▶ _Assignment_
The entire listing, reproduced exactly and stripped of images, is the expected output.

▶ _Source records_
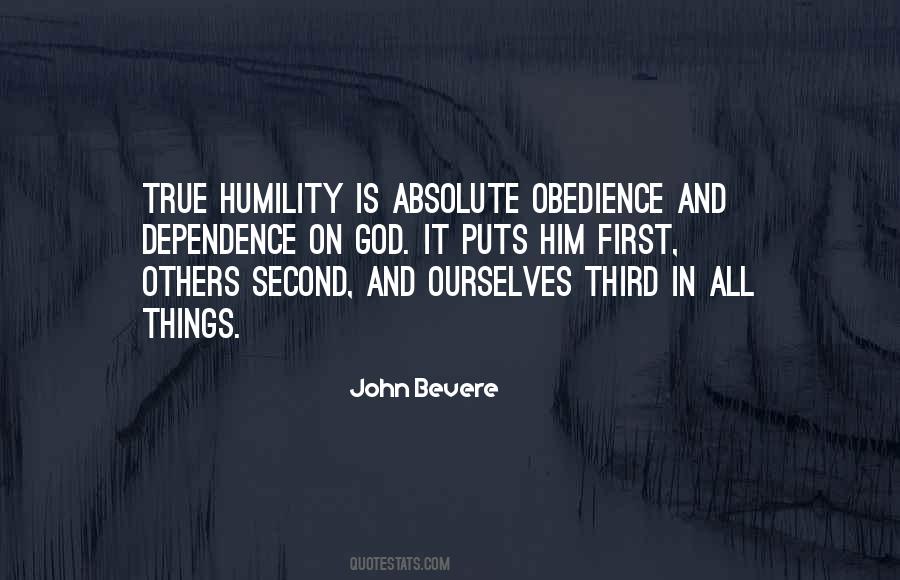 Dependence On Others Quotes #410506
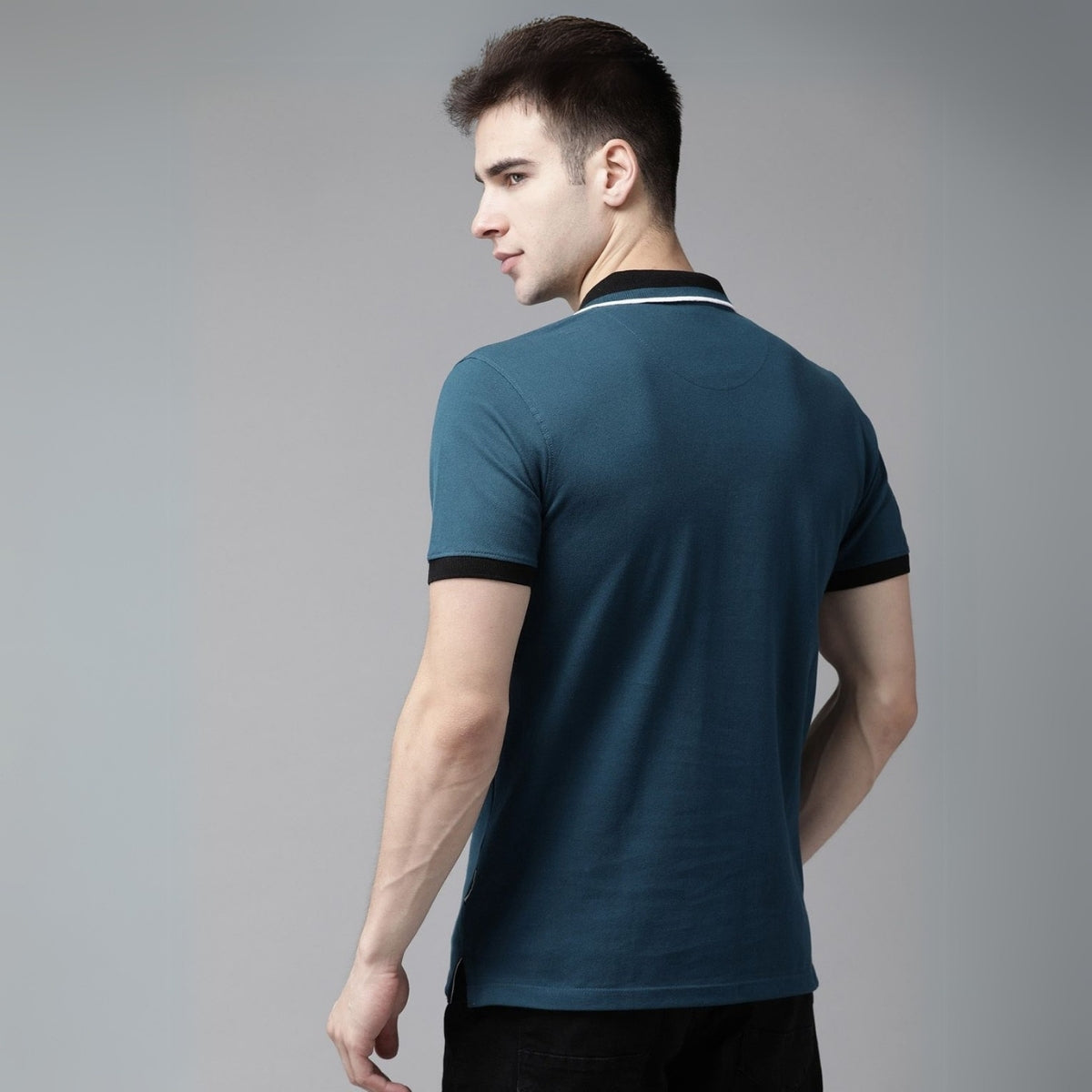 Style with a 5-Pack of Premium Half-Sleeve T-Shirts for Men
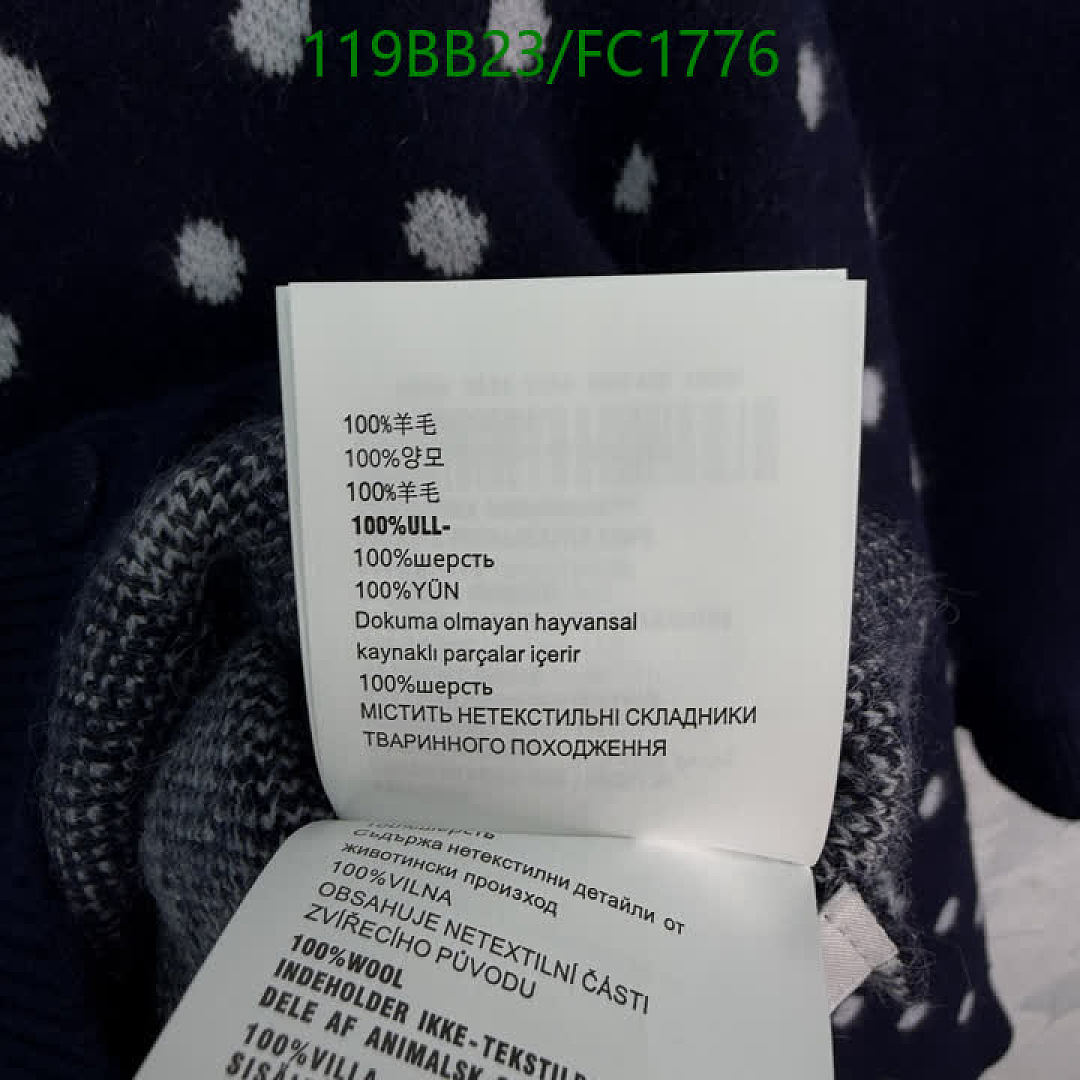 Miu Miu-Clothing Code: FC1776 $: 119USD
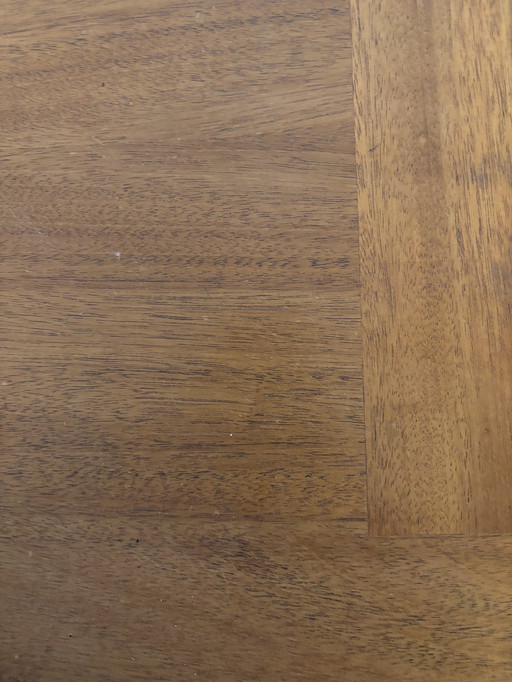 Beautiful Vintage Danish Design Dining Table / Meeting Table M40 Henning Jensen and Torben Valeur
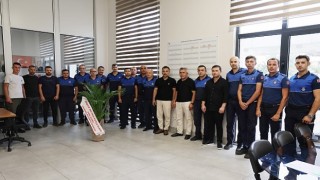 Başkan Ölmezden Zabıta Haftası Ziyareti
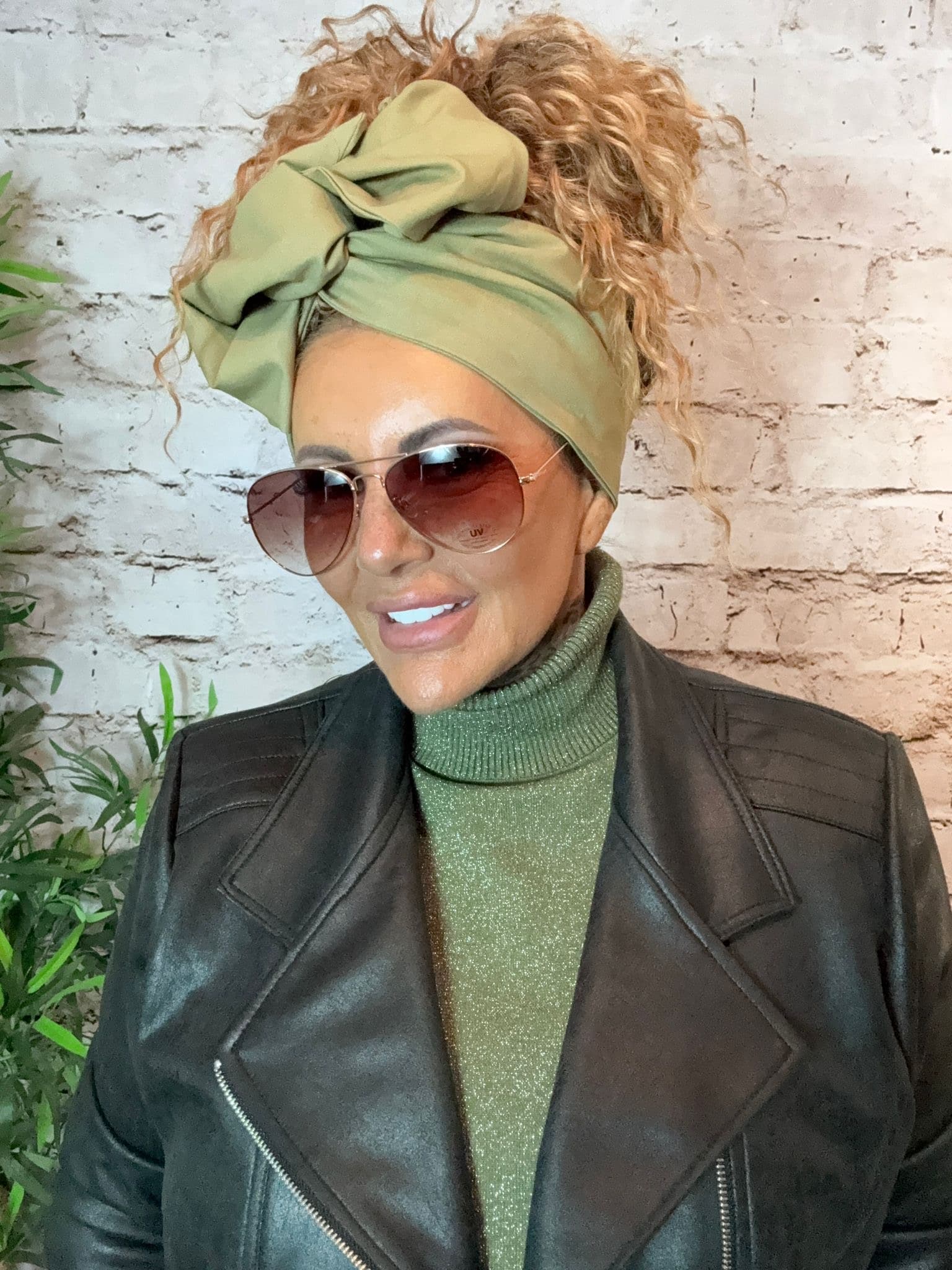 Inspired Aviator Sun-Glasses  (Back order) - Image 3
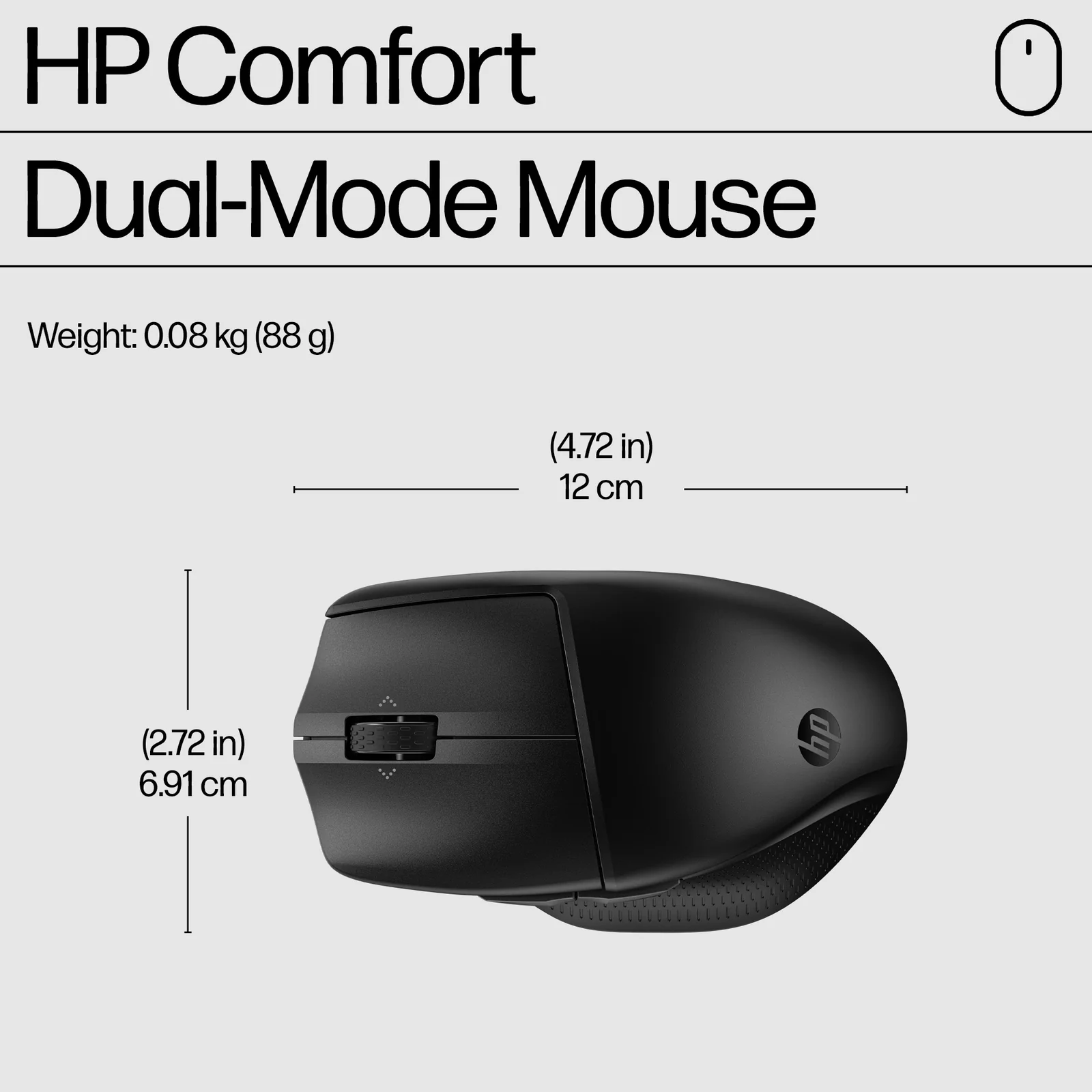 HP 685 Comfort Dual-Mode and Mouse Combo Keyboard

▶ _Response box_
 Dependence On Others Quotes #410506
 Style with a 5-Pack of Premium Half-Sleeve T-Shirts for Men
 Miu Miu-Clothing Code: FC1776 $: 119USD
 Beautiful Vintage Danish Design Dining Table / Meeting Table M40 Henning Jensen and Torben Valeur
 Başkan Ölmezden Zabıta Haftası Ziyareti
 Inspired Aviator Sun-Glasses  (Back order) - Image 3
 HP 685 Comfort Dual-Mode and Mouse Combo Keyboard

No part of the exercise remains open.